### PROBLEM DESCRIPTION
The listing below must be reproduced in full, exactly as written.

### DATA TO EXAMINE
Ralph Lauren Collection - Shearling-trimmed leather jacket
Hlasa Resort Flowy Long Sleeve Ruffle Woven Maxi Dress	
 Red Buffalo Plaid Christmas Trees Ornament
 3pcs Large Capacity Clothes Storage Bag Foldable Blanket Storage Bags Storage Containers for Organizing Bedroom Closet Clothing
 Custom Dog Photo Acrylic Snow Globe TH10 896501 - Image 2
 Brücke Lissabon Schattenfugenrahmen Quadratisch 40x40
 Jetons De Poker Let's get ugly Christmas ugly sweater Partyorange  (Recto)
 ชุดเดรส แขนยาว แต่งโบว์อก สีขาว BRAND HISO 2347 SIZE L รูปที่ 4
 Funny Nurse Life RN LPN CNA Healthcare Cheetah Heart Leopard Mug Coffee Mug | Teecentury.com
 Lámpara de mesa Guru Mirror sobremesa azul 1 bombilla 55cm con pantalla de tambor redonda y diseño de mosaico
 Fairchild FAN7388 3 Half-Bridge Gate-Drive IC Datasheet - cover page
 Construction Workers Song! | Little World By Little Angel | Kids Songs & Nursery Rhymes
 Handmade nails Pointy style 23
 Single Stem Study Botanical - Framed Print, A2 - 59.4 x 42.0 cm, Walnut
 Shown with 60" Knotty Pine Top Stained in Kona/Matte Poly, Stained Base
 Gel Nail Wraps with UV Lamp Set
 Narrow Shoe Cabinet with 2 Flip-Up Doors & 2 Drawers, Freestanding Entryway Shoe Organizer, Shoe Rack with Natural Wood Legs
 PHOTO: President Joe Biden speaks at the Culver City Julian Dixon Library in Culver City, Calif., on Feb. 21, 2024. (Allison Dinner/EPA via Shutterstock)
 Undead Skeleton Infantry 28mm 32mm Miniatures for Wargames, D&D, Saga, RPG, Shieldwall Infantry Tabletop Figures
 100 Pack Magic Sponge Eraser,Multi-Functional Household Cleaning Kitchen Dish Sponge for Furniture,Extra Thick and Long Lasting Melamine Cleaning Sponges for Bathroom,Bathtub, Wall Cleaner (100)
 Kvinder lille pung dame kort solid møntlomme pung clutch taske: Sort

### ANSWER TO THIS EXERCISE
Ralph Lauren Collection - Shearling-trimmed leather jacket
Hlasa Resort Flowy Long Sleeve Ruffle Woven Maxi Dress	
 Red Buffalo Plaid Christmas Trees Ornament
 3pcs Large Capacity Clothes Storage Bag Foldable Blanket Storage Bags Storage Containers for Organizing Bedroom Closet Clothing
 Custom Dog Photo Acrylic Snow Globe TH10 896501 - Image 2
 Brücke Lissabon Schattenfugenrahmen Quadratisch 40x40
 Jetons De Poker Let's get ugly Christmas ugly sweater Partyorange  (Recto)
 ชุดเดรส แขนยาว แต่งโบว์อก สีขาว BRAND HISO 2347 SIZE L รูปที่ 4
 Funny Nurse Life RN LPN CNA Healthcare Cheetah Heart Leopard Mug Coffee Mug | Teecentury.com
 Lámpara de mesa Guru Mirror sobremesa azul 1 bombilla 55cm con pantalla de tambor redonda y diseño de mosaico
 Fairchild FAN7388 3 Half-Bridge Gate-Drive IC Datasheet - cover page
 Construction Workers Song! | Little World By Little Angel | Kids Songs & Nursery Rhymes
 Handmade nails Pointy style 23
 Single Stem Study Botanical - Framed Print, A2 - 59.4 x 42.0 cm, Walnut
 Shown with 60" Knotty Pine Top Stained in Kona/Matte Poly, Stained Base
 Gel Nail Wraps with UV Lamp Set
 Narrow Shoe Cabinet with 2 Flip-Up Doors & 2 Drawers, Freestanding Entryway Shoe Organizer, Shoe Rack with Natural Wood Legs
 PHOTO: President Joe Biden speaks at the Culver City Julian Dixon Library in Culver City, Calif., on Feb. 21, 2024. (Allison Dinner/EPA via Shutterstock)
 Undead Skeleton Infantry 28mm 32mm Miniatures for Wargames, D&D, Saga, RPG, Shieldwall Infantry Tabletop Figures
 100 Pack Magic Sponge Eraser,Multi-Functional Household Cleaning Kitchen Dish Sponge for Furniture,Extra Thick and Long Lasting Melamine Cleaning Sponges for Bathroom,Bathtub, Wall Cleaner (100)
 Kvinder lille pung dame kort solid møntlomme pung clutch taske: Sort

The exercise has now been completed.